下面来看看Golang的map是怎么查找的,我们知道 Go 的一个坑点就是字典不管找没找到,
都有返回,默认返回value对应类型的 zero object
。所以要用类似 a, ok := m["hello"]
的形式,然后判断 ok
。麻烦。
// mapaccess1 returns a pointer to h[key]. Never returns nil, instead
// it will return a reference to the zero object for the value type if
// the key is not in the map.
// NOTE: The returned pointer may keep the whole map live, so don't
// hold onto it for very long.
func mapaccess1(t *maptype, h *hmap, key unsafe.Pointer) unsafe.Pointer {
if raceenabled && h != nil {
callerpc := getcallerpc(unsafe.Pointer(&t))
pc := funcPC(mapaccess1)
racereadpc(unsafe.Pointer(h), callerpc, pc)
raceReadObjectPC(t.key, key, callerpc, pc)
}
if msanenabled && h != nil {
msanread(key, t.key.size)
}
// 如果h里面啥也没有的话,直接返回
if h == nil || h.count == 0 {
return unsafe.Pointer(&zeroVal[0])
}
// 原来上面结构体里flags是用来做读写状态标识的
if h.flags&hashWriting != 0 {
throw("concurrent map read and map write")
}
// t是map的类型,Go是编译型语言,所以在编译的时候应该就确定好了
// 把key的类型确定好,hash算法固定好,直接用就好了
alg := t.key.alg
hash := alg.hash(key, uintptr(h.hash0))
m := uintptr(1)<<h.B - 1
b := (*bmap)(add(h.buckets, (hash&m)*uintptr(t.bucketsize)))

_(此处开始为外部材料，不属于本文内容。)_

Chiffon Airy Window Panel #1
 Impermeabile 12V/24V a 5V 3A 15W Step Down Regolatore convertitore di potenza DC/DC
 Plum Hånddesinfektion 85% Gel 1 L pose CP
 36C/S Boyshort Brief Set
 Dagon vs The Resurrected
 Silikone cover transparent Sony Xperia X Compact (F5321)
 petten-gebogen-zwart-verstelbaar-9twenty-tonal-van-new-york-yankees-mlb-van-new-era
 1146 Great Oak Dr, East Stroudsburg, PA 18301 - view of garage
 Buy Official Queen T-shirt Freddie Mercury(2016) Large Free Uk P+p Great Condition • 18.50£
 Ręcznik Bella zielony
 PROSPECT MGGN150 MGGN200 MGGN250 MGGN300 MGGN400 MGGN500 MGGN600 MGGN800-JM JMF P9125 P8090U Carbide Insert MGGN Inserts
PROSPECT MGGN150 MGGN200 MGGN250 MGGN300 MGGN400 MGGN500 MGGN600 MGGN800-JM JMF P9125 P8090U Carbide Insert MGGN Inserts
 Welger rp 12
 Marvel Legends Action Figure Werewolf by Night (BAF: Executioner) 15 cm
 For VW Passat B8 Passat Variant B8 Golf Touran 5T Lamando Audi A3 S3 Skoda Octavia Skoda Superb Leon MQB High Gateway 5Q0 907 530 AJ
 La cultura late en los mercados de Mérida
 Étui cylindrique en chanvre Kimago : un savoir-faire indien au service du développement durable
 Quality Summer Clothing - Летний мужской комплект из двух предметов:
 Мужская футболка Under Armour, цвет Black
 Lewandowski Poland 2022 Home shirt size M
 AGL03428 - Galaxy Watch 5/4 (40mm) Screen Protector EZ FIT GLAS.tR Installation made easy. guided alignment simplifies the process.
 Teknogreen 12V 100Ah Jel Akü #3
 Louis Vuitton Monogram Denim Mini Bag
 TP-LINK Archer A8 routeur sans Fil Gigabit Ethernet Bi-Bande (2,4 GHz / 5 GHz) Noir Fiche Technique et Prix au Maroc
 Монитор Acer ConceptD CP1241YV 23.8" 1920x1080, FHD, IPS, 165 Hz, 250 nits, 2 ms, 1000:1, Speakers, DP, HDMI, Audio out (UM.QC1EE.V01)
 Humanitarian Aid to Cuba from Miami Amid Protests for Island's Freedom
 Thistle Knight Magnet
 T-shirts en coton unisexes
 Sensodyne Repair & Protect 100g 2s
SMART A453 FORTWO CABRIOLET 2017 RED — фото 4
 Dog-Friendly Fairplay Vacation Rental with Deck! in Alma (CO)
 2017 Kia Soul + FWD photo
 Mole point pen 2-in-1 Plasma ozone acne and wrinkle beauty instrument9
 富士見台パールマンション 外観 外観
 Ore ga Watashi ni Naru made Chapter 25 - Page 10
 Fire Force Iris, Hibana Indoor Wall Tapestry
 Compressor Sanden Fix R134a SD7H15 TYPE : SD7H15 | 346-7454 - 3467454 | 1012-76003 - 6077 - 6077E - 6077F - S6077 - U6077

if c := h.oldbuckets; c != nil {
if !h.sameSizeGrow() {
// There used to be half as many buckets; mask down one more power of two.
m >>= 1
}
oldb := (*bmap)(add(c, (hash&m)*uintptr(t.bucketsize)))
if !evacuated(oldb) {
b = oldb
}
}
// 算出在哪个桶,哈希值取余?
top := uint8(hash >> (sys.PtrSize*8 - 8))
if top < minTopHash {
top += minTopHash
}
// 依次遍历,找出对象
for {
for i := uintptr(0); i < bucketCnt; i++ {
if b.tophash[i] != top {
continue
}
k := add(unsafe.Pointer(b), dataOffset+i*uintptr(t.keysize))
if t.indirectkey {
k = *((*unsafe.Pointer)(k))
}
if alg.equal(key, k) {
v := add(unsafe.Pointer(b), dataOffset+bucketCnt*uintptr(t.keysize)+i*uintptr(t.valuesize))
if t.indirectvalue {
v = *((*unsafe.Pointer)(v))
}
return v
}
}
b = b.overflow(t)
if b == nil {
return unsafe.Pointer(&zeroVal[0])
}
}
}
还有一个 mapaccess2
不知道是干啥的。 mapaccessK
说是给iter用的。
接下来看看赋值操作,赋值操作其实就是先查找,找到了覆盖,没找到新建:
// Like mapaccess, but allocates a slot for the key if it is not present in the map.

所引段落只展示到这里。